N.S. woman reunited with photos after lost camera washes up on N.B. beach
Published Thursday, May 17, 2018 8:58AM ADT
A Nova Scotia woman has been reunited with some precious memories after a camera she lost three years ago washed up on a New Brunswick beach.
Cindy Willigar booked a river rafting excursion on the Shubenacadie River in May 2015 to celebrate her friend’s 50th birthday.
“I went and purchased a waterproof disposable camera because I wanted to get memories of the trip for her because it was her 50th,” says Willigar.
After snapping several photos, she tucked the camera away in the pocket of her raincoat.
“He pulled up and we got out and I started walking up and I patted my side and I just felt sick because the camera wasn’t there,” recalls the Brookfield, N.S. resident.
Carried by the Bay of Fundy tides, the camera travelled more than 100 kilometres from South Maitland, N.S. over the next three years, eventually washing up on a beach in Dorchester Cape, N.B.
Chris McMahon was picking up garbage along the beach when he made the discovery.
“My foot bumped into it and I thought it was maybe a case for cigars or a waterproof-type case and I turned it over, it obviously was a camera,” says McMahon.
He had the photos developed and thought they looked like they had been taken in a part of Nova Scotia he had visited.
McMahon posted the photos on his Facebook page in an effort to track down the owner. Three hours later, Willigar was shocked when saw the post.
“I looked at the picture and … I couldn’t believe it, so I went up and I read his writeup with what happened, Chris’ writeup, and here Chris had picked it up on the beach,” says Willigar. “I never thought I’d get these back. Not in a million years did I think I’d get these back.”
McMahon says he’s thrilled he was able to reunite the photos with their rightful owner, despite having little information to go on.
“It’s almost like a message in a bottle, but in a picture format with no name, no address, and, you know, I kinda like finding stuff,” he says.

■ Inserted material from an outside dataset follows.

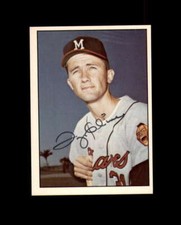 Ty Cline Hand Signed 1978 TCMA 60's Milwaukee Braves Autograph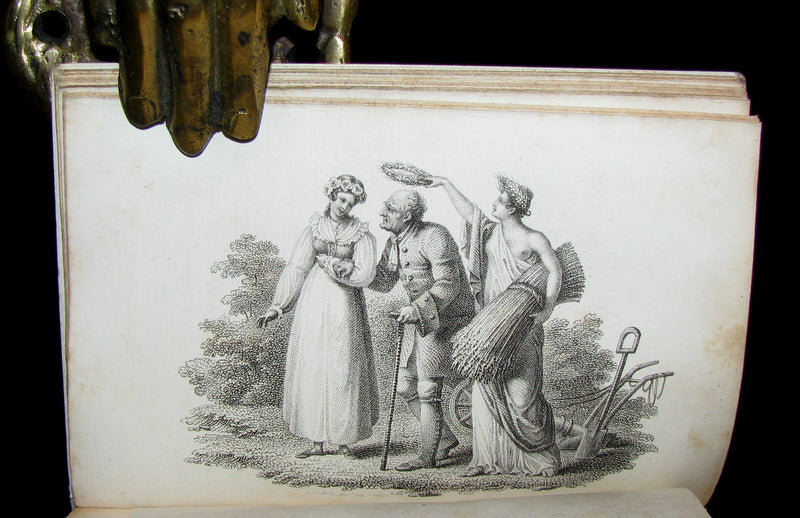 1818 Scarce French Book ~ Les ROSIERES crown of roses for the girl with irreproachable virtue (in slipcase)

The unique experience has left Willigar filled with both gratitude and amazement at the power of social media, and the durability of waterproof disposable cameras.
“I guess it’s like Christmas. It’s surreal,” she says. “I mean, you expect them to be waterproof, but for how long? Three years? Three years in the elements?”
The owner of the rafting company is offering to give McMahon a free trip down the river. Willigar hopes that will also give her the chance to thank him in person.